▽

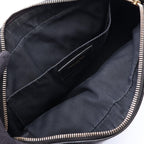 Saint Laurent Paris Shoulder Bag Lou Black Leather Monogram — view 5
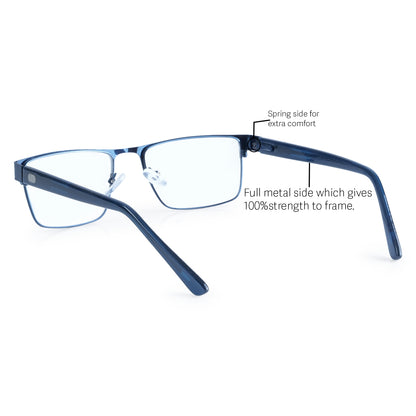 Redex Bluecut Reading Full Frame Glass For Unisex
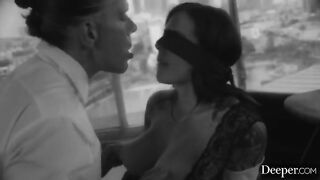Keisha is getting disciplined by her strict teacher in a steamy class scene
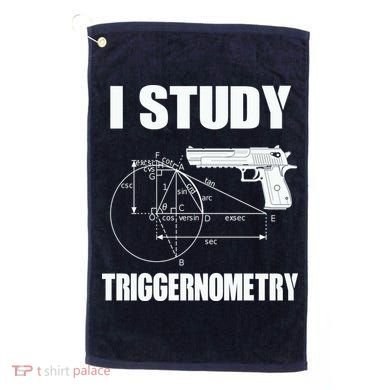 Triggernometry Pistol Golf Towel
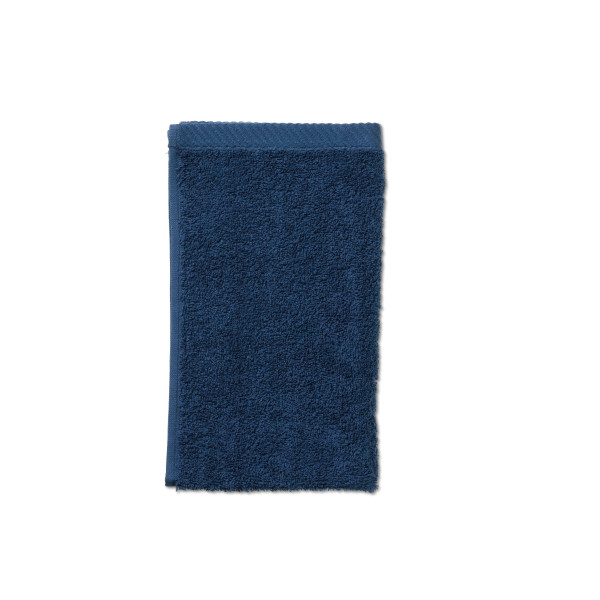 Gästetuch LADESSA blau in blau aus Baumwolle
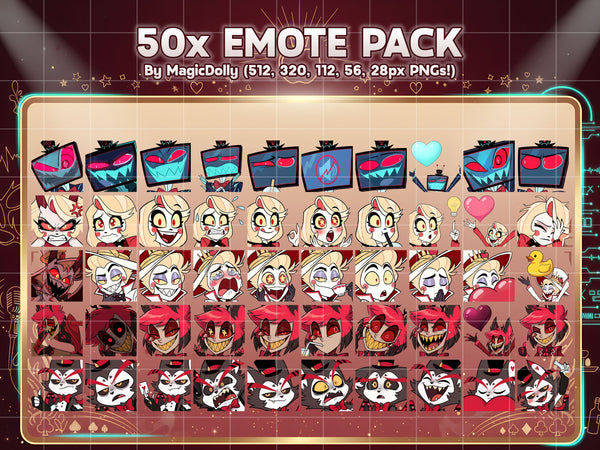 Hazbin Hotel Emote Bundle 1 Hover
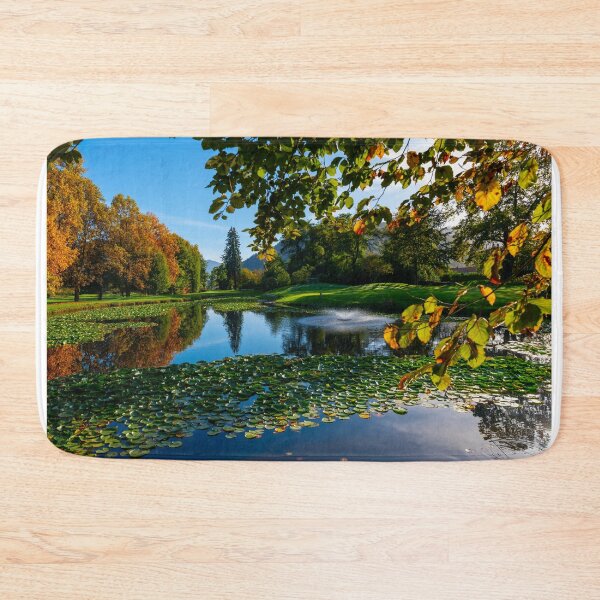 Item preview, Golf Course with Water Pond and Autumn Trees designed and sold by Mats Silvan.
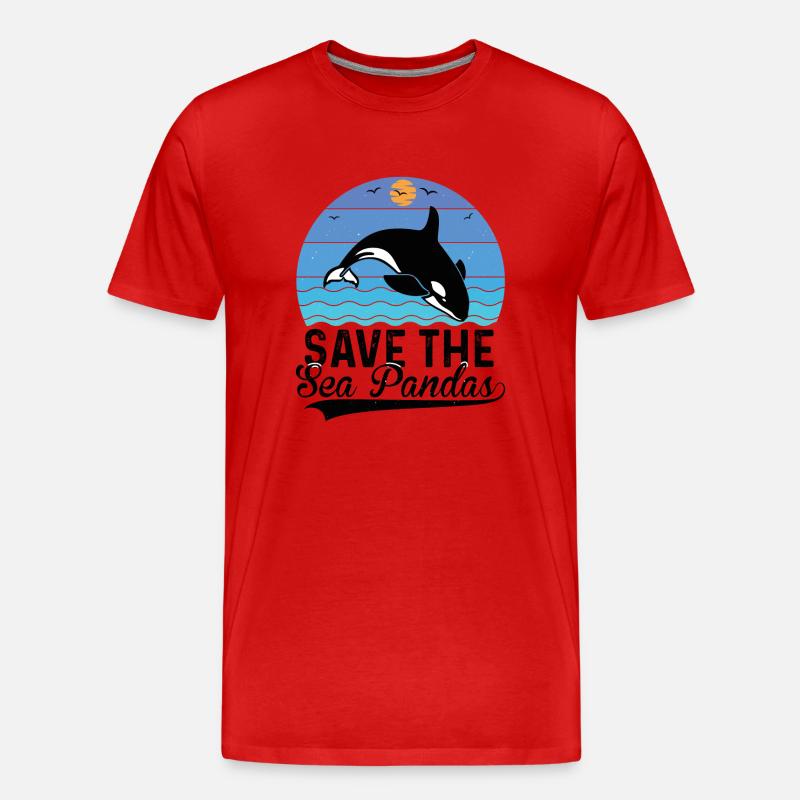 Orca Meeresbiologe Schwertwal Killerwal - Männer Premium Bio T-Shirt - Rot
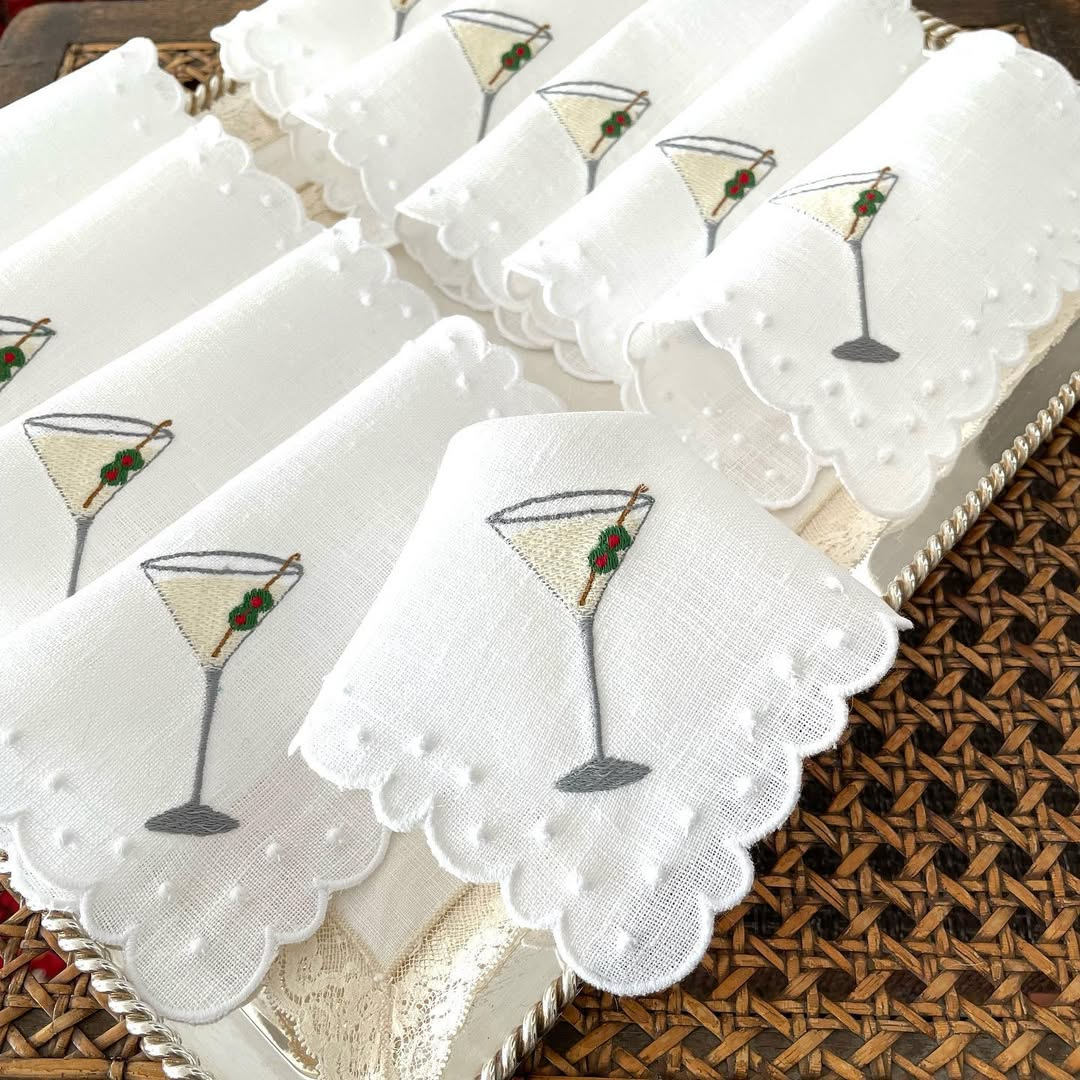 ‘Martini Time’ Napkin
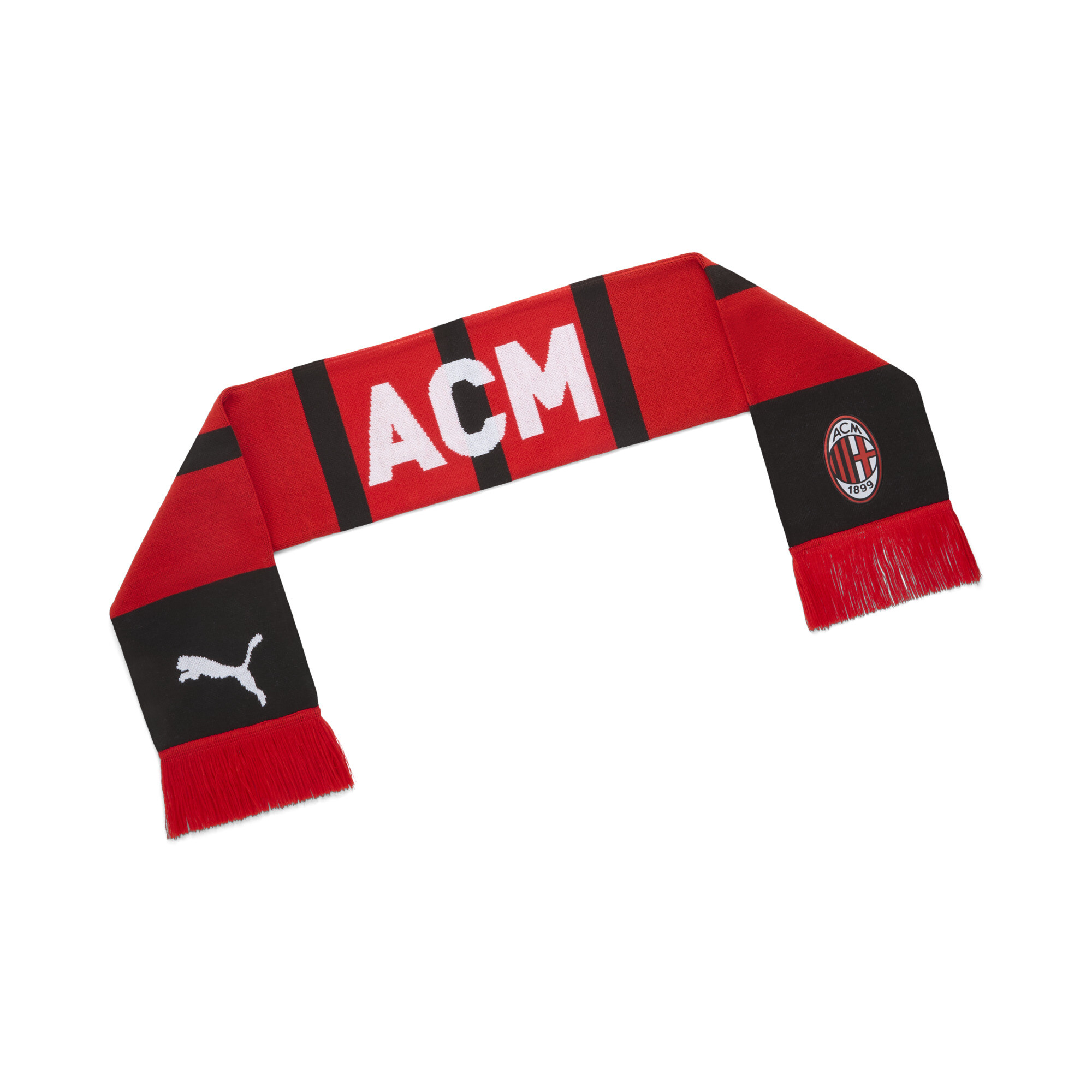 PUMA AC Milan Essentials Scarf in For All Time Red/White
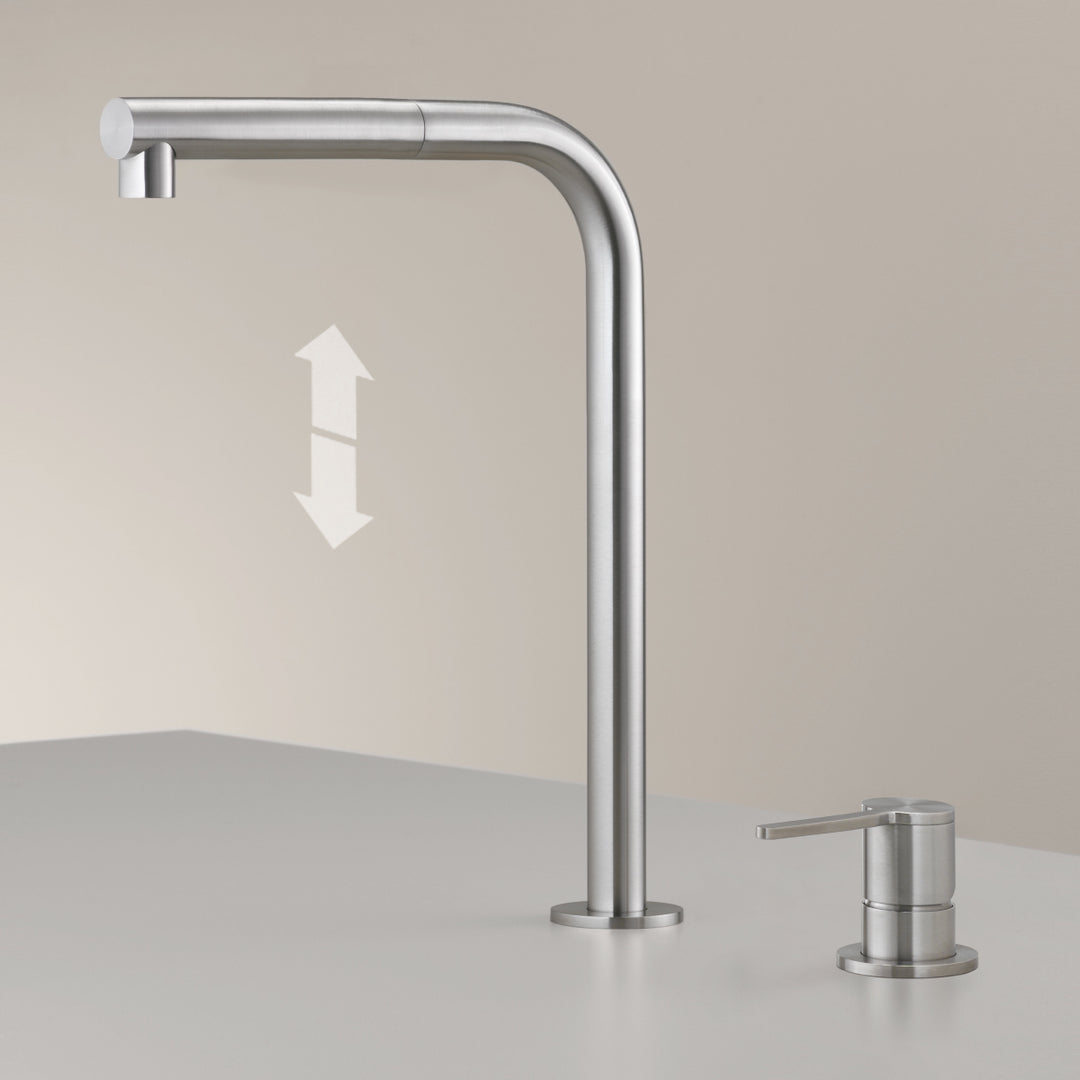 Two-Hole Mixers With Pull-out Hand-shower INV85 Kitchen & Dinning Room CEA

△

→ Work to be completed:
Only the lines from the one with "Orca Meeresbiologe Schwertwal" through the final line of the entries belong in the answer, set down exactly, with both ends included and no pictures.

→ Problem solution:
 Orca Meeresbiologe Schwertwal Killerwal - Männer Premium Bio T-Shirt - Rot
 ‘Martini Time’ Napkin
 PUMA AC Milan Essentials Scarf in For All Time Red/White
 Two-Hole Mixers With Pull-out Hand-shower INV85 Kitchen & Dinning Room CEA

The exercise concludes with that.